When I had the pleasure of reviewing Nicholas von Maltzahn's study of Milton's History of Britain, I had nothing but praise for the scholarship he brought to the whole intellectual background of the work, and for his judicious placing of it in the Miltonic canon. His book gives an excellent account of the state of British historiography in the first half of the seventeenth century, and shows how Milton's essentially humanist and literary conception of what a history should be, and his exclusive interest in narrative sources, made him already out of date in his method at a time when Spelman and Selden were pioneering a recognizably modern form of historical scholarship. He carefully traces the development of Milton's ambition to write a great national history, explaining why his first conception of a verse epic, singing the heroic past, gave way to that of a lofty prose narrative that would culminate in a celebration of God's presence with his elect nation in the struggle for religious and civil liberty in his own time.

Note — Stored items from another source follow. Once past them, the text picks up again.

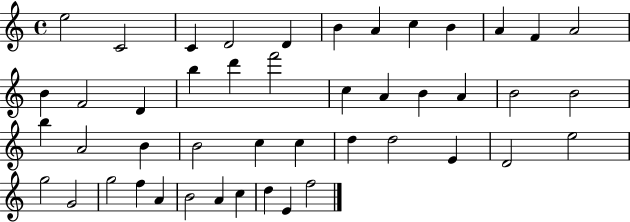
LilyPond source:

{
  \clef treble
  \time 4/4
  \defaultTimeSignature
  \key c \major
  e''2 c'2 | c'4 d'2 d'4 | b'4 a'4 c''4 b'4 | a'4 f'4 a'2 | \break b'4 f'2 d'4 | b''4 d'''4 f'''2 | c''4 a'4 b'4 a'4 | b'2 b'2 | \break b''4 a'2 b'4 | b'2 c''4 c''4 | d''4 d''2 e'4 | d'2 e''2 | \break g''2 g'2 | g''2 f''4 a'4 | b'2 a'4 c''4 | d''4 e'4 f''2 | \break \bar "|."
}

He deals fully and learnedly with the influences upon the style and content of the History, from Sallust (Milton's favourite exemplar) and Tacítus through Bacon (possibly) to the preachers of the Fast Sermons before the Long Parliament. He is illuminating about the close association in Milton's mind between eloquence and virtue, and about the ways in which his beliefs about the operation of divine providence modified his predominantly classical approach to the writing of history. He is thoroughly informative about the textual history of the work, and especially about the fragment published in 1681 as Mr John Miltons Character of the Long Parliament, whose editor he convincingly identifies as the arch-Tory Roger L'Estrange.